L'onde de choc causée par l'élection à la Maison Blanche de Donald Trump n'a pas épargné l'Afrique, déçue par Barack Obama et aujourd'hui partagée entre incrédulité et espoir devant un nouveau président qui a rarement évoqué le continent pendant sa campagne.
C'est Pierre Nkurunziza qui a ouvert le bal des félicitations africaines. "Votre victoire est la victoire de tous les Américains", s'est enthousiasmé le chef de l'Etat du Burundi, dont les relations avec l'administration Obama n'étaient pas au beau fixe.
Il a rapidement été suivi par d'autres présidents en délicatesse avec Washington, comme le Congolais Joseph Kabila.
Mais derrière les félicitations de circonstances, rares sont ceux qui peuvent dire avec précision de quoi la politique africaine du nouveau président américain sera faite, tant la question du continent a été en retrait dans la campagne électorale.
"Le débat présidentiel est censé être une plateforme où on peut s'expliquer sur sa politique étrangère mais là, ça a juste fini en échange d'invectives", note à l'AFP Ryan Cummings, analyste sur les questions de sécurité basé au Cap.
La volonté, maintes fois exprimée, de Donald Trump de "tuer les terroristes" pourrait laisser présager une plus grande implication des Etats-Unis contre l'islamisme radical sur le théâtre africain, où prospèrent les Nigérians de Boko Haram, la déclinaison sahélienne du groupe Etat islamique (Aqmi) ou les shebab somaliens.
Mais "un déploiement (militaire) direct des Etats-Unis ou même une présence renforcée pourrait en fait constituer un outil important de recrutement pour des groupes armés", prévient M. Cummings.
Le quotidien d'Etat zimbabwéen The Herald, porte-voix du régime de fer du nonagénaire Robert Mugabe, ne veut pas croire à un engagement militaire américain, lui qui s'est réjoui de la défaite de la "belliciste" Hillary Clinton, adversaire malheureuse de Donald Trump.
Le nouveau président "va-t-il encourager la démocratisation, les réformes et d'autres projets qui permettent de freiner la montée de l'extrémisme ?", s'interroge aussi Ryan Cummings.

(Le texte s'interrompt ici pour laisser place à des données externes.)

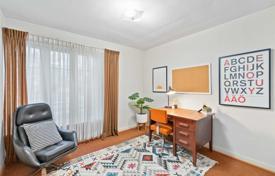 3 odalılar şehir içinde müstakil ev Etobicoke'de, Kanada. C$1,300,000
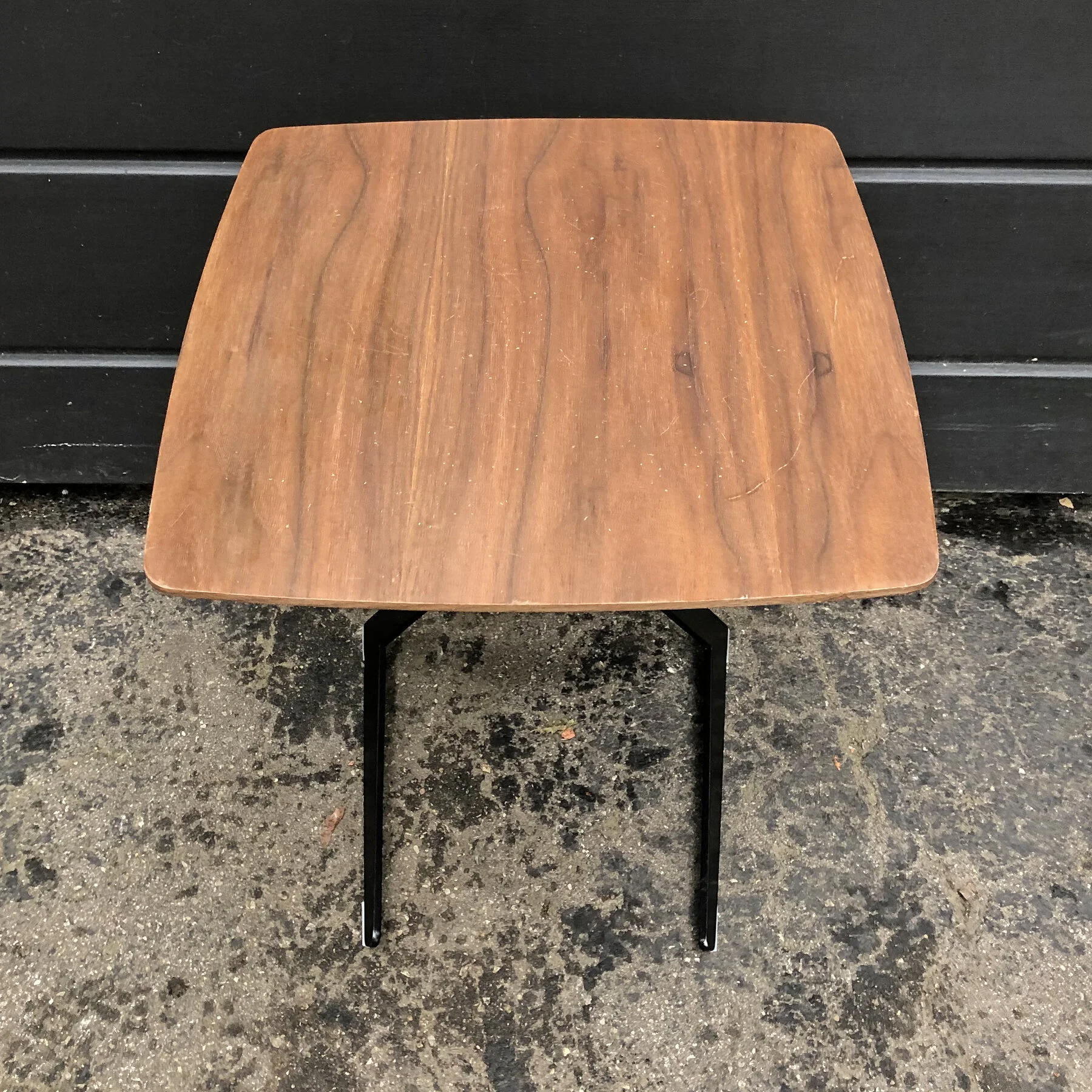 Walnut_Side_Table_06.jpg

Outre les questions de terrorisme, les thèmes économiques ont été au centre de la campagne de Donald Trump, qui a régulièrement insisté sur la nécessité de faire de l'Amérique la priorité pour redonner des emplois à ses concitoyens.
- Aide menacée ? -
"L'isolationnisme est une conséquence implicite de toute sa rhétorique sur le retour de la +grandeur de l'Amérique+", explique Zachary Donnenfeld, chercheur à l'Institut d'études sur la sécurité (ISS) de Pretoria.
Derrière ces annonces, les intentions du président élu sont claires: renégocier un certain nombre d'accords internationaux.
L'Agoa (Africa Growth and Opportunity Act), qui permet à 39 pays africains d'être exonérés de taxes à l'exportation vers les Etats-Unis, pourrait être concerné.
Sous la présidence Obama, l'Agoa était utilisé comme un outil indirect de promotion des droits de l'homme. Le Swaziland en a, par exemple, été exclu en 2015 en raison du caractère répressif du régime monarchique.
Si le nouveau locataire de la Maison Blanche opte pour une politique plus isolationniste, les conséquences pourraient en être dévastatrices pour de nombreux pays africains.
L'argent de la coopération américaine dans les politiques de santé, d'éducation ou d'agriculture forment une perfusion bienvenue pour de nombreux Etats.
Au Malawi, par exemple, 700 millions de dollars ont été dépensés par l'agence américaine de développement USAID ces cinq dernières années.
"Il y a des indices qui suggèrent un soutien à l'idée d'une réduction des engagements des Etats-Unis dans le développement à l'étranger", craint Zachary Donnenfeld.
Et les positions ouvertement climato-sceptiques de Donald Trump ne sont pas là pour rassurer une Afrique frappée de plein fouet par les sécheresses et les inondations.
Mais, selon certains analystes, les dirigeants africains doivent profiter de ce changement brutal à la Maison Blanche pour repartir sur de nouvelles bases avec les Etats-Unis.
"L'Afrique va probablement perdre quelques places dans la liste des priorités de la politique étrangère de l'administration Trump", anticipe Peter Vale, professeur à l'université de Johannesburg.
"Il va dédaigner les problèmes internes des pays africains. Mais la pire réaction pour les pays africains serait de montrer leur mécontentement et de se pincer le nez", conclut-il.